--- START ---

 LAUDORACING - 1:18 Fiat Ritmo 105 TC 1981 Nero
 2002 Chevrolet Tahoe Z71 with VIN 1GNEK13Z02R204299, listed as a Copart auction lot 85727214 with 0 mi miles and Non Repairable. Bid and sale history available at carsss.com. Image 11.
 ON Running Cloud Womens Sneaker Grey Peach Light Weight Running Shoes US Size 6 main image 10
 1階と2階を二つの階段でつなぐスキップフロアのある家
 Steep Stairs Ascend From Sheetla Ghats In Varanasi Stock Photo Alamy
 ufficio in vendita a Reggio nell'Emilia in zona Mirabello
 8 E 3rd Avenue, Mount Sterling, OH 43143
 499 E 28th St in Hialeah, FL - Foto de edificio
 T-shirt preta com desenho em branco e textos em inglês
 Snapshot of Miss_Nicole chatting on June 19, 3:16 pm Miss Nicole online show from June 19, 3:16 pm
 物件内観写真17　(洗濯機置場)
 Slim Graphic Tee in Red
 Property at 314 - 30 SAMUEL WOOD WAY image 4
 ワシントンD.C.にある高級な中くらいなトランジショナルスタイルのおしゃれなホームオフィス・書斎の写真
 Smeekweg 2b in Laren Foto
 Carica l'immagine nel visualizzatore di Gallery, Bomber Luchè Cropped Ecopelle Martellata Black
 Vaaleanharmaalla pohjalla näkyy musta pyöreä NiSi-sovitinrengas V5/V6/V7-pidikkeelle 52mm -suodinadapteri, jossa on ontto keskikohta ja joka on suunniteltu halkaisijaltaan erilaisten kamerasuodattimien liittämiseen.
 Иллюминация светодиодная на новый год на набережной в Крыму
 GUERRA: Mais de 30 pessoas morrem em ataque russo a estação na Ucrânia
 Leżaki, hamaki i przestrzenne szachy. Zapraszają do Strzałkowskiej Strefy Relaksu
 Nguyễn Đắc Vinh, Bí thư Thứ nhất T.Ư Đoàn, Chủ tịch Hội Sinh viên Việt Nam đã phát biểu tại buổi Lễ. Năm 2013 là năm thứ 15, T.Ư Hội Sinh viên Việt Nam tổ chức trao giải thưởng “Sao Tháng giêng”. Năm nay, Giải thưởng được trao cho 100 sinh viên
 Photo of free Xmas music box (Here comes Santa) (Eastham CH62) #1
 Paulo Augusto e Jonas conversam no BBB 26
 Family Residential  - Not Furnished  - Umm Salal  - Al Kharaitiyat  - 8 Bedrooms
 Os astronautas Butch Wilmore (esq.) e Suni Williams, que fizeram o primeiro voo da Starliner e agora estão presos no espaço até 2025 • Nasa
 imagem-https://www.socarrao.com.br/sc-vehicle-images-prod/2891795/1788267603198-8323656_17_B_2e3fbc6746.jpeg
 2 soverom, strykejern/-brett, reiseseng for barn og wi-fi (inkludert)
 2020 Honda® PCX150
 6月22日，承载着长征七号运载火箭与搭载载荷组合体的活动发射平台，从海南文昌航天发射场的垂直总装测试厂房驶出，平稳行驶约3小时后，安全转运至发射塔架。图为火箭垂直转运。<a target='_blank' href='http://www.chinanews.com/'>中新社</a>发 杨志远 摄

--- END ---

__ACTIVITY__: Mind each word and retype the entire listing above.

__YOUR RESPONSE__:
 LAUDORACING - 1:18 Fiat Ritmo 105 TC 1981 Nero
 2002 Chevrolet Tahoe Z71 with VIN 1GNEK13Z02R204299, listed as a Copart auction lot 85727214 with 0 mi miles and Non Repairable. Bid and sale history available at carsss.com. Image 11.
 ON Running Cloud Womens Sneaker Grey Peach Light Weight Running Shoes US Size 6 main image 10
 1階と2階を二つの階段でつなぐスキップフロアのある家
 Steep Stairs Ascend From Sheetla Ghats In Varanasi Stock Photo Alamy
 ufficio in vendita a Reggio nell'Emilia in zona Mirabello
 8 E 3rd Avenue, Mount Sterling, OH 43143
 499 E 28th St in Hialeah, FL - Foto de edificio
 T-shirt preta com desenho em branco e textos em inglês
 Snapshot of Miss_Nicole chatting on June 19, 3:16 pm Miss Nicole online show from June 19, 3:16 pm
 物件内観写真17　(洗濯機置場)
 Slim Graphic Tee in Red
 Property at 314 - 30 SAMUEL WOOD WAY image 4
 ワシントンD.C.にある高級な中くらいなトランジショナルスタイルのおしゃれなホームオフィス・書斎の写真
 Smeekweg 2b in Laren Foto
 Carica l'immagine nel visualizzatore di Gallery, Bomber Luchè Cropped Ecopelle Martellata Black
 Vaaleanharmaalla pohjalla näkyy musta pyöreä NiSi-sovitinrengas V5/V6/V7-pidikkeelle 52mm -suodinadapteri, jossa on ontto keskikohta ja joka on suunniteltu halkaisijaltaan erilaisten kamerasuodattimien liittämiseen.
 Иллюминация светодиодная на новый год на набережной в Крыму
 GUERRA: Mais de 30 pessoas morrem em ataque russo a estação na Ucrânia
 Leżaki, hamaki i przestrzenne szachy. Zapraszają do Strzałkowskiej Strefy Relaksu
 Nguyễn Đắc Vinh, Bí thư Thứ nhất T.Ư Đoàn, Chủ tịch Hội Sinh viên Việt Nam đã phát biểu tại buổi Lễ. Năm 2013 là năm thứ 15, T.Ư Hội Sinh viên Việt Nam tổ chức trao giải thưởng “Sao Tháng giêng”. Năm nay, Giải thưởng được trao cho 100 sinh viên
 Photo of free Xmas music box (Here comes Santa) (Eastham CH62) #1
 Paulo Augusto e Jonas conversam no BBB 26
 Family Residential  - Not Furnished  - Umm Salal  - Al Kharaitiyat  - 8 Bedrooms
 Os astronautas Butch Wilmore (esq.) e Suni Williams, que fizeram o primeiro voo da Starliner e agora estão presos no espaço até 2025 • Nasa
 imagem-https://www.socarrao.com.br/sc-vehicle-images-prod/2891795/1788267603198-8323656_17_B_2e3fbc6746.jpeg
 2 soverom, strykejern/-brett, reiseseng for barn og wi-fi (inkludert)
 2020 Honda® PCX150
 6月22日，承载着长征七号运载火箭与搭载载荷组合体的活动发射平台，从海南文昌航天发射场的垂直总装测试厂房驶出，平稳行驶约3小时后，安全转运至发射塔架。图为火箭垂直转运。<a target='_blank' href='http://www.chinanews.com/'>中新社</a>发 杨志远 摄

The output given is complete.